Rijke Waterpoloclubs
New York Athletic Club
Dit prachtige gebouw op de hoek van Central Park South en Seventh Avenue, hartje New York, behoort toe aan de New York Athletic Club, één van de meest exclusieve sportclubs in de Verenigde Staten. Opgericht in 1868 organiseerde de club de eerste Amerikaanse kampioenschappen boksen, worstelen en outdoor atletiek en was ze ook de eerste die het schermen introduceerde in de USA. Momenteel telt ze zo’n 9.000 leden en je kan enkel lid worden als je daartoe wordt uitgenodigd.
Met waterpolo werd gestart in de herfst van 1890, een initiatief van de zwemlegende Gus Sundstrom (1858-1936). Onder zijn leiding won New York Athletic Club het waterpologoud op de Spelen van St-Louis met 5-0 wijnst tegen Missouri AC en 6-0 winst tegen Chicago AA.

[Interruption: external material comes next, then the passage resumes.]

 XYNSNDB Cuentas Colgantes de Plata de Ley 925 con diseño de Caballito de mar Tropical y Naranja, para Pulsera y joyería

De winnaars: David Bratton (1869-1904), George Van Cleaf (1879-1905), Leo Goodwin (1883-1957), Louis Handley (1874-1956), David Hesser (1884-1908), Joseph Ruddy (1878-1962), James Steen (1876-1949) en coach Gus Sundstrom (1885-1936).
NYAC leden wonnen in de loop der jaren zo maar eventjes 123 olympische gouden medailles, 40 keer zilver en 52 keer brons. Op de Olympische Spelen van Athene werden 39 NYAC leden afgevaardigd, die vijf keer goud veroverden, één keer zilver en vijf bronzen medailles. De succesvolle leden kan je terugvinden in de imposante "Hall of Fame" op de tweede verdieping van het gebouw. De enorme building levert een panoramisch zicht op Central Park, heeft 24 verdiepingen met ondermeer twee restaurants, een cocktail lounge, bibliotheek, balzaal, biljartzaal, vergaderruimtes en acht verdiepingen met gastenkamers voor de leden en hun gasten. Bovendien vind je er een zwembad, basketbalvelden, boksringen, een scherm- en worstelzaal, judokamer en squash courts.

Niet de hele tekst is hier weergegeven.